Respond with ONLY valid JSON.
"""

# files_touched is NOT LLM-generated — extracted via regex
import re
def extract_files_touched(exchange_text):
    pattern = r'[\w./\-]+\.(?:py|ts|js|go|rs|yaml|json|toml|md)'
    return list(set(re.findall(pattern, exchange_text)))

# Embedding + indexing
from sentence_transformers import SentenceTransformer
import faiss

model = SentenceTransformer('all-MiniLM-L6-v2')  # 22M params, CPU OK

def build_distill_index(palace_objects):
    texts = [f"{obj['exchange_core']}\n{obj['specific_context']}" 
             for obj in palace_objects]
    embeddings = model.encode(texts, show_progress_bar=True)
    
    index = faiss.IndexFlatL2(384)  # Exact search
    index.add(embeddings)
    return index, texts

# Cross-layer search: BM25 on verbatim + HNSW on distilled
from rank_bm25 import BM25Okapi

def cross_layer_search(query, verbatim_texts, distilled_texts, 
                        distill_index, top_k=10):
    # BM25 on verbatim
    tokenized = [t.split() for t in verbatim_texts]
    bm25 = BM25Okapi(tokenized)
    bm25_scores = bm25.get_scores(query.split())
    
    # Vector search on distilled
    q_emb = model.encode([query])
    _, vec_indices = distill_index.search(q_emb, top_k)
    
    # RRF fusion
    bm25_ranks = {i: r+1 for r, i in enumerate(bm25_scores.argsort()[::-1][:top_k])}
    vec_ranks = {i: r+1 for r, i in enumerate(vec_indices[0])}
    
    all_ids = set(bm25_ranks) | set(vec_ranks)
    rrf_scores = {i: 1/(60 + bm25_ranks.get(i, top_k+1)) + 
                     1/(60 + vec_ranks.get(i, top_k+1)) 
                  for i in all_ids}
    
    return sorted(rrf_scores, key=rrf_scores.get, reverse=True)[:top_k]

Terminology

Context LengthThe maximum number of tokens an LLM can process at once — a key limitation for long-running agents.
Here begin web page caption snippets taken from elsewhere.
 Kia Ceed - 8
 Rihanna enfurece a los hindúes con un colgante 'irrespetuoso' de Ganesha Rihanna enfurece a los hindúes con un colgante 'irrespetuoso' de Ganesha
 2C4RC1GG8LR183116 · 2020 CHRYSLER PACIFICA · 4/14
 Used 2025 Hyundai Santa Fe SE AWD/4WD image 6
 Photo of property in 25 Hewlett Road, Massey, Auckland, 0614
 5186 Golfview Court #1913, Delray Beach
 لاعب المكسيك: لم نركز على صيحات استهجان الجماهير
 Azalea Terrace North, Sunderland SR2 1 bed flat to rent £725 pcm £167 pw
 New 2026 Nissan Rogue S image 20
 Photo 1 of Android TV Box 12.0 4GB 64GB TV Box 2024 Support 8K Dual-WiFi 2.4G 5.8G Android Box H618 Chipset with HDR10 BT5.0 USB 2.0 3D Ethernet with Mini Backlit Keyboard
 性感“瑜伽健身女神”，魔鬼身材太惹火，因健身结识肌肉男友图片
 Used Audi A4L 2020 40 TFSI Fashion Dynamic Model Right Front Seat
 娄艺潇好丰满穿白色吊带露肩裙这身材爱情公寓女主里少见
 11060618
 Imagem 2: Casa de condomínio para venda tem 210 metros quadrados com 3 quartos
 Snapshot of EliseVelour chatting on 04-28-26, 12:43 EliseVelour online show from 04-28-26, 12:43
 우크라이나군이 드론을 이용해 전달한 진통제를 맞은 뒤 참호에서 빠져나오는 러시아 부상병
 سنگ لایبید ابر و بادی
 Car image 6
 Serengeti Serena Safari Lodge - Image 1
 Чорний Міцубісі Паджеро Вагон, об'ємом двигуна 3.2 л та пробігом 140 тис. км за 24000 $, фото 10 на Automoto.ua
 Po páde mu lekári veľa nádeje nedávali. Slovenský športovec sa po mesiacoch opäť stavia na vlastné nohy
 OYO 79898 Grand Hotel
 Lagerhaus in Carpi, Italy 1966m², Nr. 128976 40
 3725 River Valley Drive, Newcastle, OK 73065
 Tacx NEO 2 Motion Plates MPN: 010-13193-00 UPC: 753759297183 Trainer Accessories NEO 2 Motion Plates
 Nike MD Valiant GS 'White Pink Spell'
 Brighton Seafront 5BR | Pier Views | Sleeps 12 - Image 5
Vector SearchFinding semantically similar content by comparing embedding vectors — the basis for semantic memory retrieval.

Conversation CompressionReducing the token count of conversation history while preserving the key information needed for future reasoning.

Agent MemoryThe mechanism by which an AI agent stores and retrieves information across a long task or across sessions.

Related Resources

Searchat: Semantic search for AI coding agent conversations (GitHub)

Original Abstract (Expand)

Long conversations with an AI agent create a simple problem for one user: the history is useful, but carrying it verbatim is expensive. We study personalized agent memory: one user's conversation history with an agent, distilled into a compact retrieval layer for later search. Each exchange is compressed into a compound object with four fields (exchange_core, specific_context, thematic room_assignments, and regex-extracted files_touched). The searchable distilled text averages 38 tokens per exchange. Applied to 4,182 conversations (14,340 exchanges) from 6 software engineering projects, the method reduces average exchange length from 371 to 38 tokens, yielding 11x compression. We evaluate whether personalized recall survives that compression using 201 recall-oriented queries, 107 configurations spanning 5 pure and 5 cross-layer search modes, and 5 LLM graders (214,519 consensus-graded query-result pairs). The best pure distilled configuration reaches 96% of the best verbatim MRR (0.717 vs 0.745). Results are mechanism-dependent. All 20 vector search configurations remain non-significant after Bonferroni correction, while all 20 BM25 configurations degrade significantly (effect sizes |d|=0.031-0.756). The best cross-layer setup slightly exceeds the best pure verbatim baseline (MRR 0.759). Structured distillation compresses single-user agent memory without uniformly sacrificing retrieval quality. At 1/11 the context cost, thousands of exchanges fit within a single prompt while the verbatim source remains available for drill-down. We release the implementation and analysis pipeline as open-source software.